→ PROBLEM DESCRIPTION: Output only the lines below from the one holding "Ziziphus jujuba" down to the one holding "Phytotherapeutic insights into", both end lines included and every picture dropped.

→ DATA SECTION:
------------------------------------------------------------------------
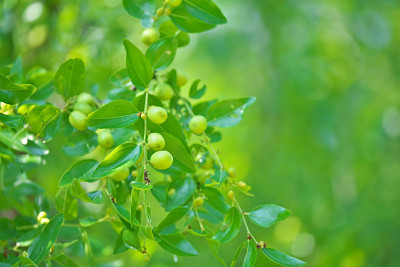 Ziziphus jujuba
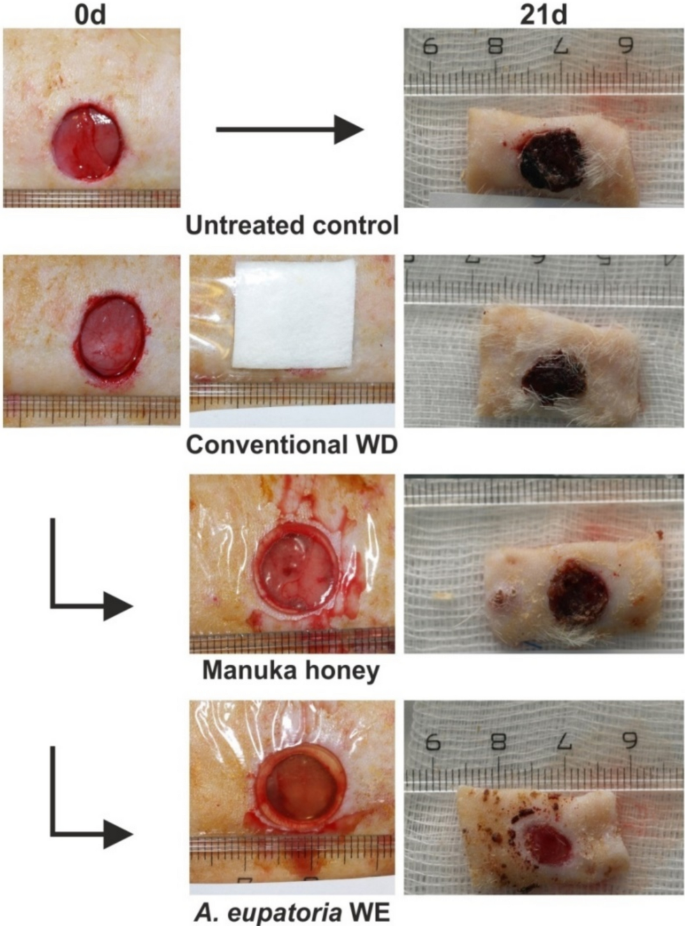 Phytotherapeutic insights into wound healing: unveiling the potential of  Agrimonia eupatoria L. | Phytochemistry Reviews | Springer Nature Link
------------------------------------------------------------------------
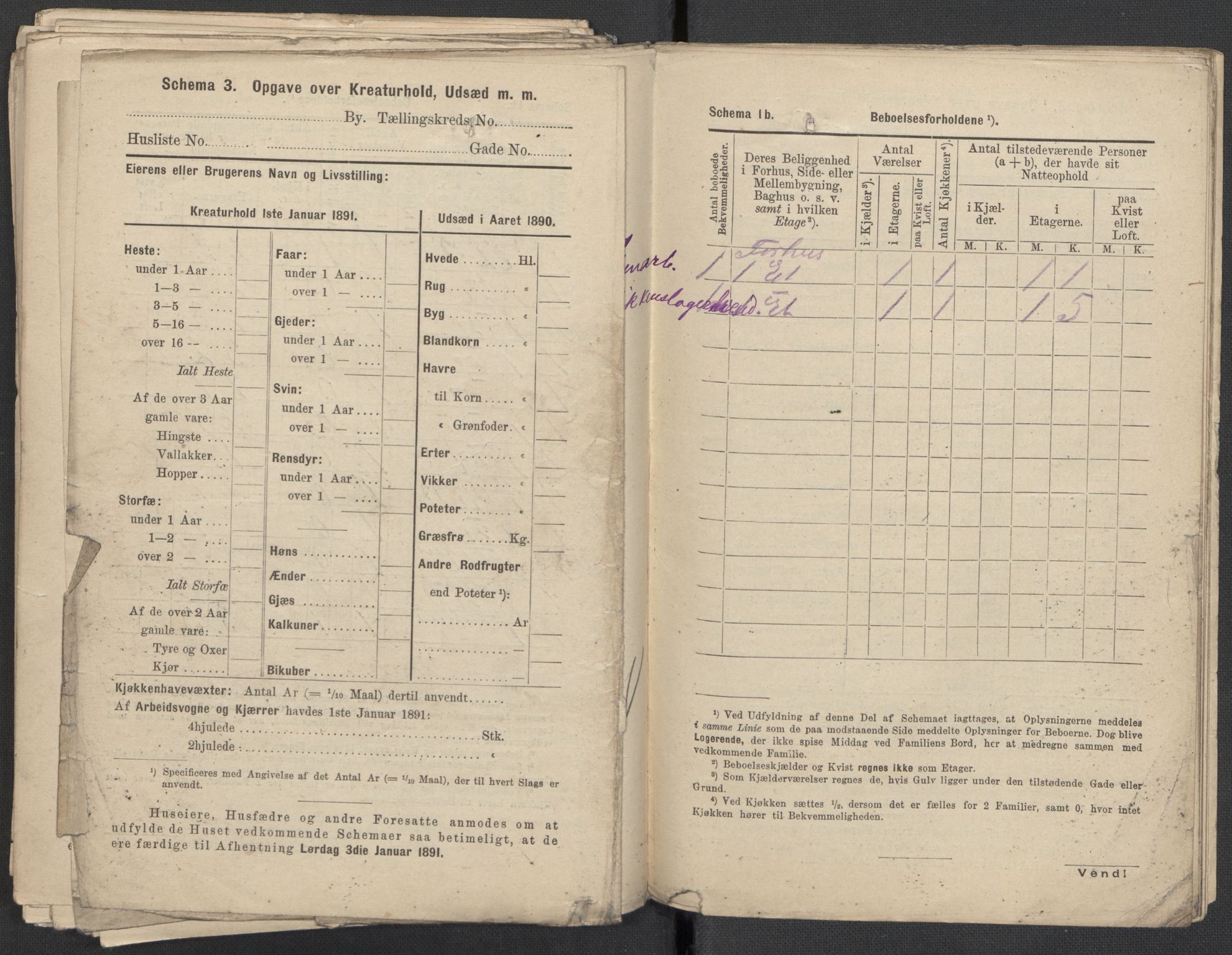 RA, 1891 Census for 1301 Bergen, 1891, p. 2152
------------------------------------------------------------------------
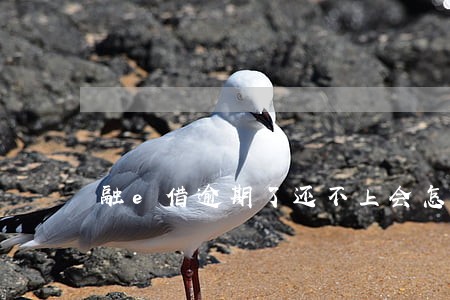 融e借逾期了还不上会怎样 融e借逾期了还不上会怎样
------------------------------------------------------------------------
→ EXERCISE OUTPUT:
 Ziziphus jujuba
 Phytotherapeutic insights into wound healing: unveiling the potential of  Agrimonia eupatoria L. | Phytochemistry Reviews | Springer Nature Link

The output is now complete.